_DATASET CONTENT_.

+---+

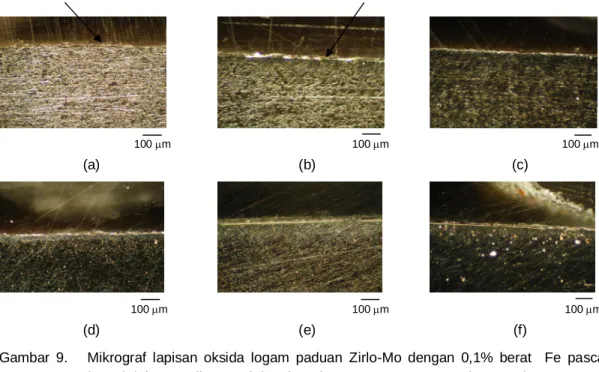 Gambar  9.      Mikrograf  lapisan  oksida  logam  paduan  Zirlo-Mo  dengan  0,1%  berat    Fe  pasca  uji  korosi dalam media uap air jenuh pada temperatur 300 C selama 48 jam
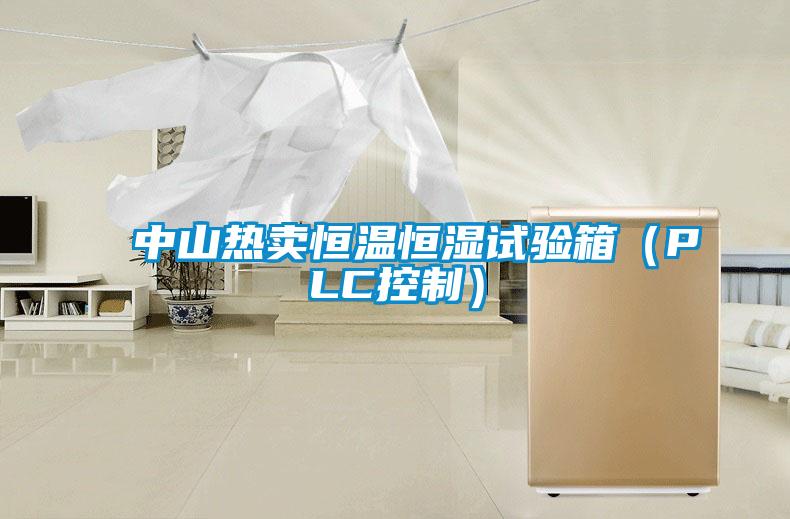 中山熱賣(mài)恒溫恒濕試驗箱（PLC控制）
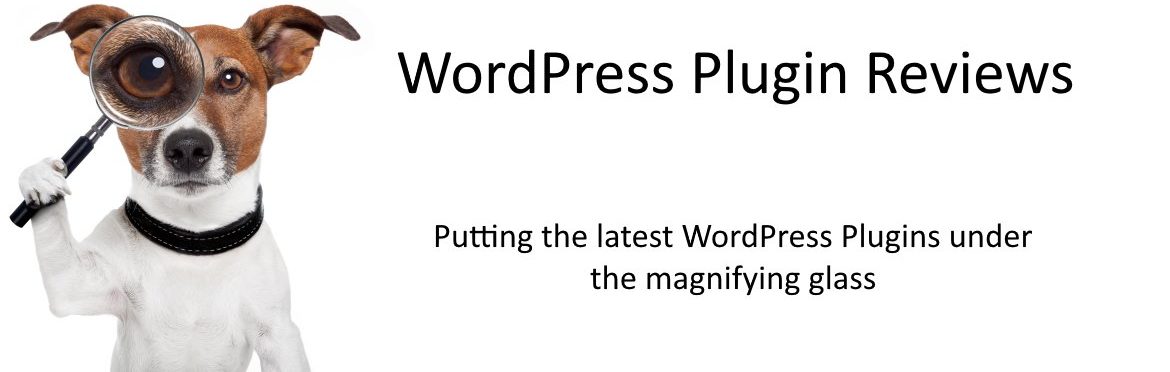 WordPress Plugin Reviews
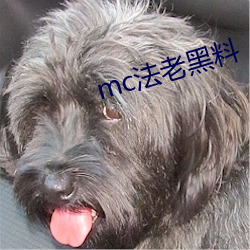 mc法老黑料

+---+

_WHAT THE TASK ASKS_. Would you return the data above exactly as written, minus the images?

_ANSWER FOR THIS EXERCISE_.
 Gambar  9.      Mikrograf  lapisan  oksida  logam  paduan  Zirlo-Mo  dengan  0,1%  berat    Fe  pasca  uji  korosi dalam media uap air jenuh pada temperatur 300 C selama 48 jam
 中山熱賣(mài)恒溫恒濕試驗箱（PLC控制）
 WordPress Plugin Reviews
 mc法老黑料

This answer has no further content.